Take the data below and copy exactly the lines starting at the one with "ResKit Models Mirage" and finishing at the one with "Hermes H Sellier", both included.

■ Source records:
──────

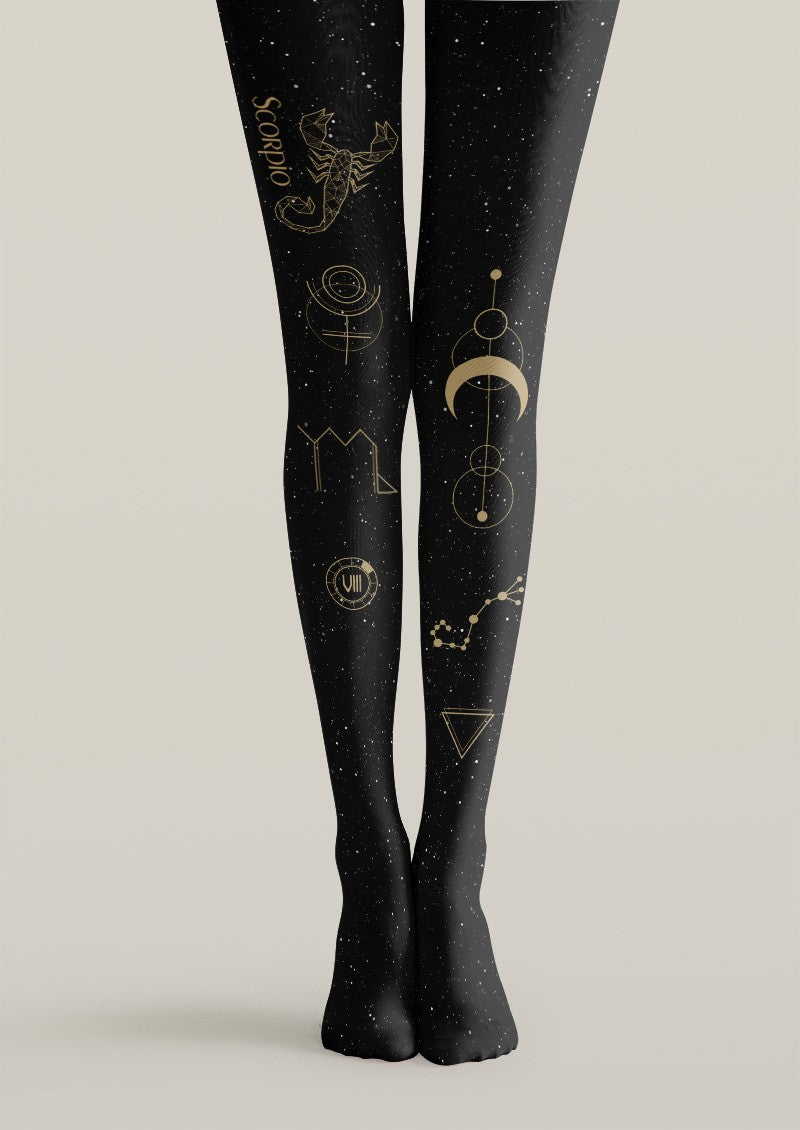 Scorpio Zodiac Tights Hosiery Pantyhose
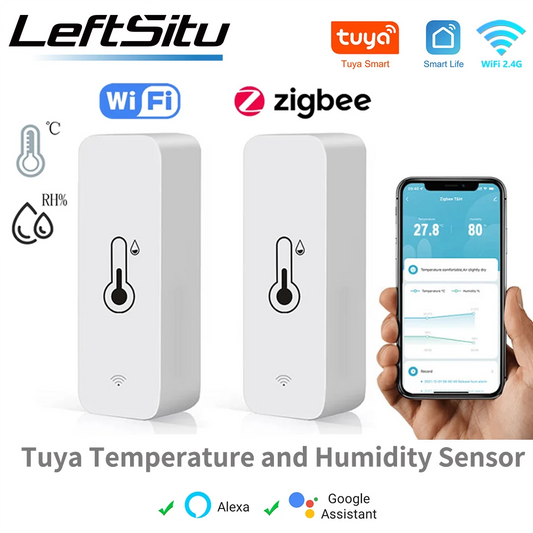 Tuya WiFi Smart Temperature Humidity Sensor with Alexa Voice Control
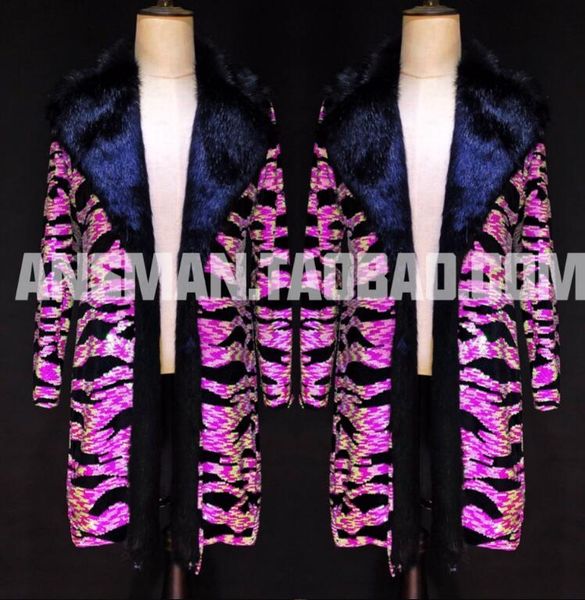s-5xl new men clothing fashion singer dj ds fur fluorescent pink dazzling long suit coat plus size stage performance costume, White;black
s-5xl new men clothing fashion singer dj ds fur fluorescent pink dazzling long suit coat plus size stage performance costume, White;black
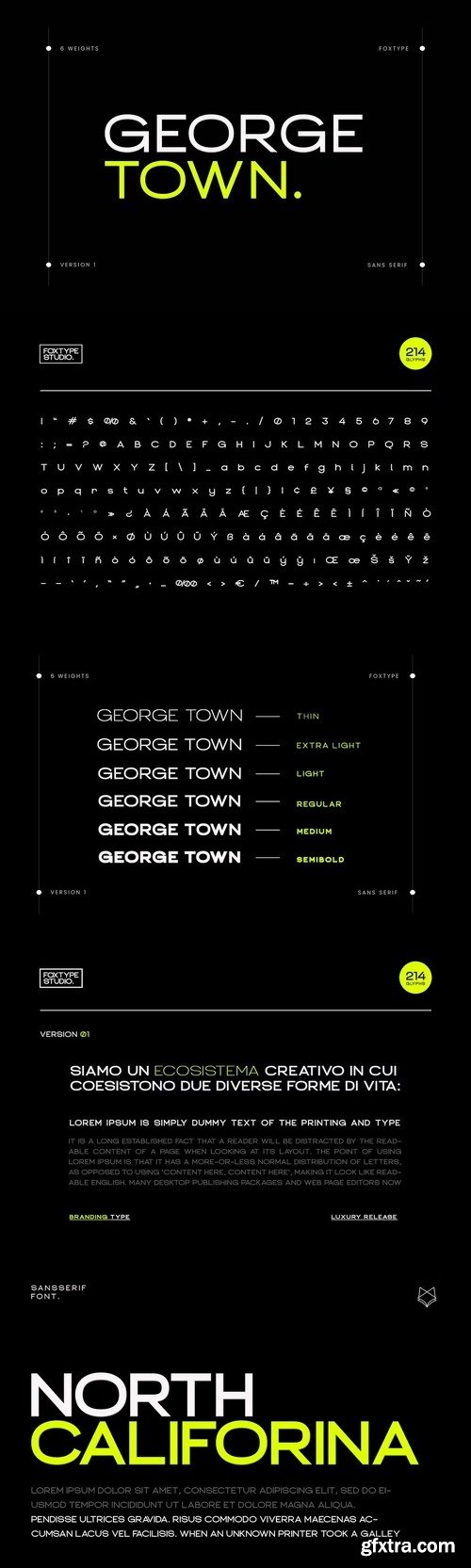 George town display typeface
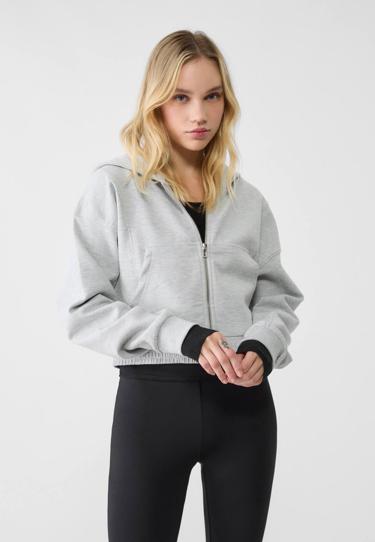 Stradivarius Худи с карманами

──────

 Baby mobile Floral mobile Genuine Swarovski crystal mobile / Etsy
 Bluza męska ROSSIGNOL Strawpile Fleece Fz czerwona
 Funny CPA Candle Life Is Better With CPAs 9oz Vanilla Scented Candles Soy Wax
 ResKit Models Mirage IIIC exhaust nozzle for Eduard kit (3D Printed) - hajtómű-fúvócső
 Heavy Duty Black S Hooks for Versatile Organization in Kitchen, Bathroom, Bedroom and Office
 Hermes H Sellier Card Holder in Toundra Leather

──────

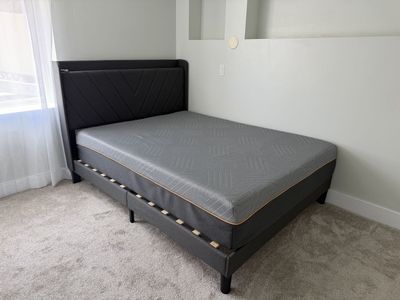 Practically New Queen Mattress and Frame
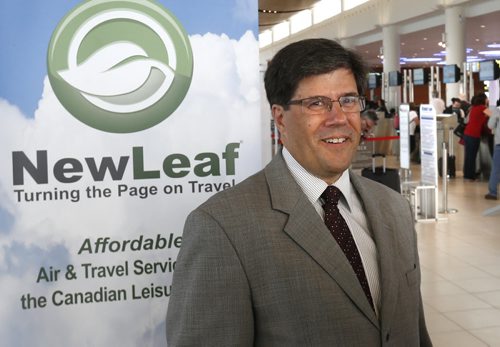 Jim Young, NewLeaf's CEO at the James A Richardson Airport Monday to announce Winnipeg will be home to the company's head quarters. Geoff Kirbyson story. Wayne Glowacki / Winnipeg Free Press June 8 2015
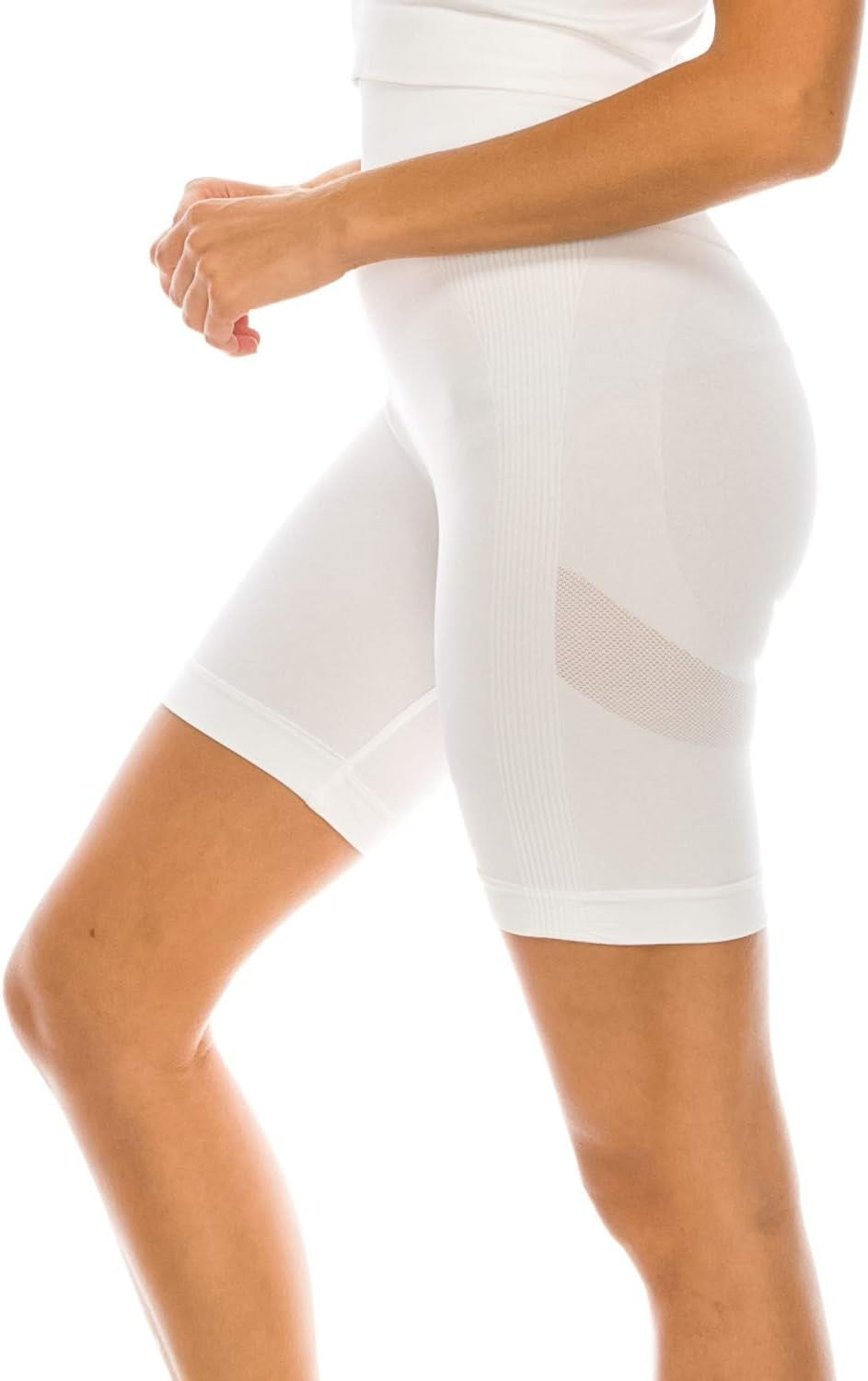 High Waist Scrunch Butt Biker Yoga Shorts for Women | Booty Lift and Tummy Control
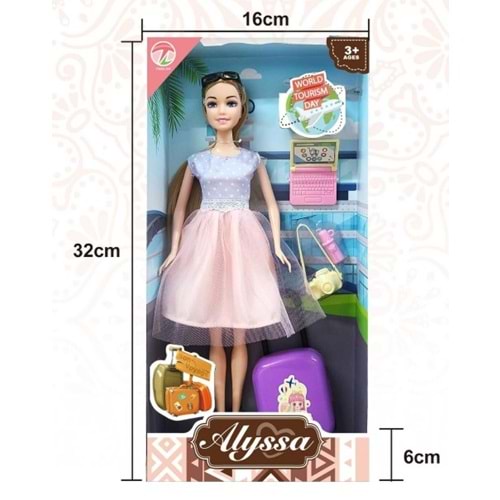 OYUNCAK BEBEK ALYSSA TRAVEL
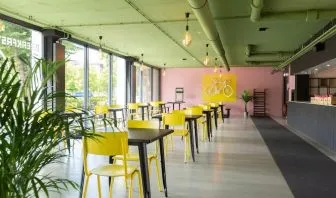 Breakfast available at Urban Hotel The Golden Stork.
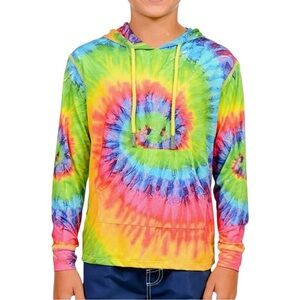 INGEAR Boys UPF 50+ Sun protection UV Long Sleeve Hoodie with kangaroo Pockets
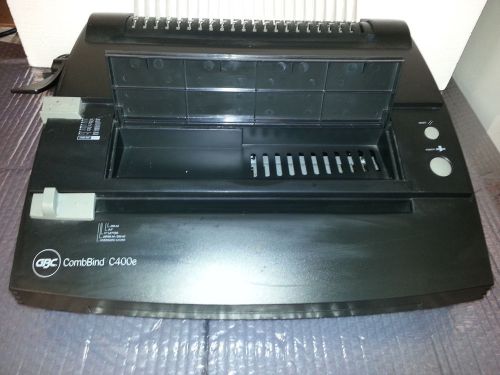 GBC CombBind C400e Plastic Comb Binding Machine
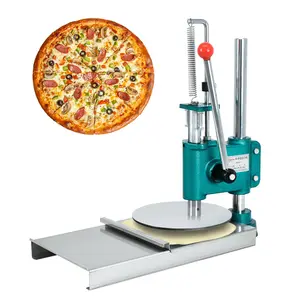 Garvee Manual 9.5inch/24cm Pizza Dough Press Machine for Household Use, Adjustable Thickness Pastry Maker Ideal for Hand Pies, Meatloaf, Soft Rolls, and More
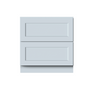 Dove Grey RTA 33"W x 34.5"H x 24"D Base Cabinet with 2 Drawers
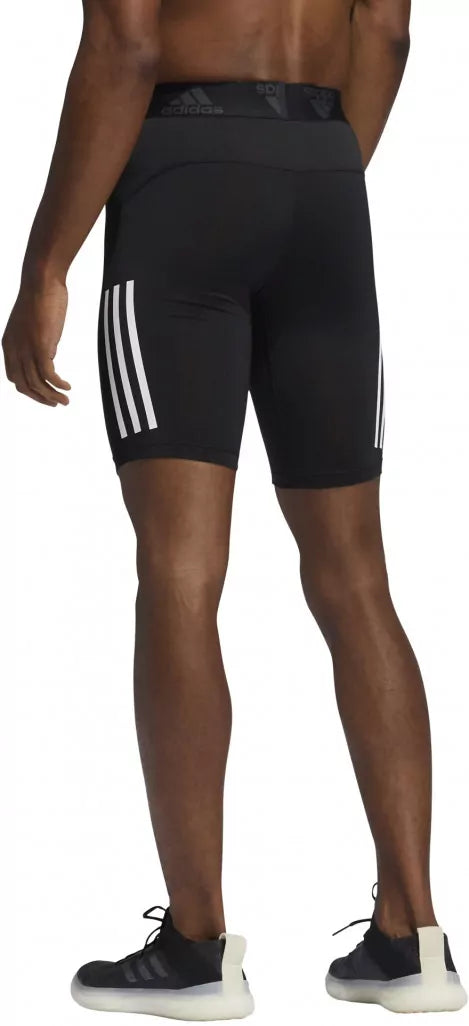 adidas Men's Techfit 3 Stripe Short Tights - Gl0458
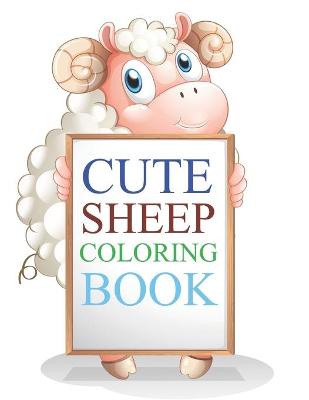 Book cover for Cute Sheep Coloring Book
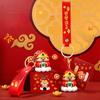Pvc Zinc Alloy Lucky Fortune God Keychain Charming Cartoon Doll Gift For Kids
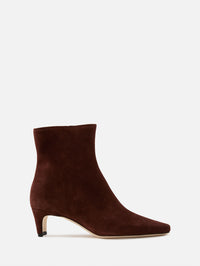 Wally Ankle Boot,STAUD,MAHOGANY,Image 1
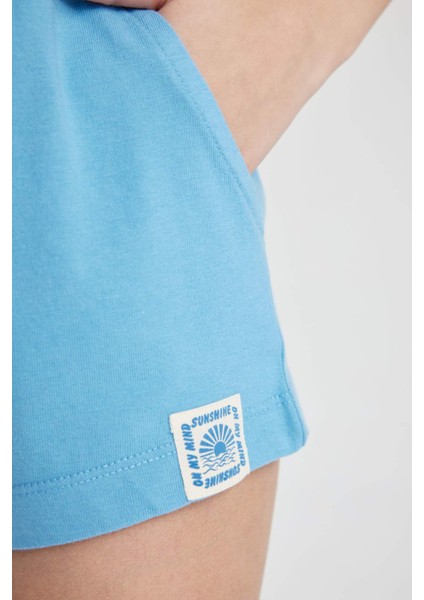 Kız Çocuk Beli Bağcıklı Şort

──────

■ EXERCISE OUTPUT:
 ResKit Models Mirage IIIC exhaust nozzle for Eduard kit (3D Printed) - hajtómű-fúvócső
 Heavy Duty Black S Hooks for Versatile Organization in Kitchen, Bathroom, Bedroom and Office
 Hermes H Sellier Card Holder in Toundra Leather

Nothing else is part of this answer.